While thrillers are a good escape and there is no shortage of titles that come through the year, every so often I read a book which is different and leaves a mark. One of the best books I read was “Klara and the Sun” by Nobel laureate Kazuo Ishiguro. It is a book which must be read slowly because each sentence is so beautifully crafted. The book immerses us in the world as seen through the eyes and ‘mind’ of Klara. It is set in a near-future where Artificial Friends (AFs) are created to alleviate human loneliness. Klara, an extremely observant solar-powered AF, is chosen by a young girl named Josie to be her companion. The story follows Klara’s journey to understand the complexities of human emotions, relationships, and mortality as she tries to save Josie’s life by seeking the mysterious power of the Sun.

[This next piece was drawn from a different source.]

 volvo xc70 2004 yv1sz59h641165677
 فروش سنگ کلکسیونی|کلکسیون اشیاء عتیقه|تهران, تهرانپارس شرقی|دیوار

The book explores themes of love, artificial intelligence, ethics, the essence of consciousness, questioning the nature of life and what makes us human.
While reading the book, I was completely immersed in it. It was a very different experience from reading murder mysteries and thrillers where the race is to the finish line. I did not want the Klara book to end. Even after I had read it, the book stayed with me. It contemplated a future that was not far off, and thanks to the exponential innovation we are now seeing in AI, that future could happen much sooner than we expect. Klara is such an endearing creation and one begins to wonder if machines can have feelings or it is just the algorithms at work, blurring the line between human and machine.
Another book I read recently was “Notes on an Execution” by Danya Kukafka. I came across it after it won the 2023 Edgar Award for Best Novel. It explores the psyche of a serial killer (Ansel Packer, in second person) and the women who shaped him. The book is about the last 12 hours before his scheduled execution. As Jacqueline Bublitz writes: “In a chapter poignantly titled Elsewhere, we get to imagine the lives of the women and girls he murdered, if only they had been left alone. These moments that might have been are both beautiful, and beautifully ordinary. Traveling to other countries. Holding babies. Remembering the eating of an orange in the sun. We see what the man who took their lives could not. That an entire universe was contained within each woman. Life after life to be lived. She was always more than her ending, the worst thing that happened to her. And he will only ever be the worst thing he did.” The book is very well written and brings the tension alive.
A good fiction book is about immersion – travelling through space and time into the characters that the author creates. It weaves together elements of setting, plot, and character development to create a vivid and engaging world that captivates us as readers, inviting us to lose ourselves in the story. For those few hours, the words on the page (or screen) intersect with our thoughts and create a mind meld. Through immersive writing, the author evokes a range of emotions, allowing us to empathise with the characters’ experiences and explore the intricacies of human relationships and life’s complexities. We can envision ourselves in the fictional universe a good author crafts, with detailed descriptions and believable dialogue. This resonance provides an escape from the mundane on a lazy weekend afternoon or a late night after a long workday, offering a portal that connects the author’s writing and our imagination. Immersion in a good fiction book fosters a deeper understanding of the human experience – very different perhaps from our own. The book leaves behind questions, some answers, and many memories that linger long after the final page is turned.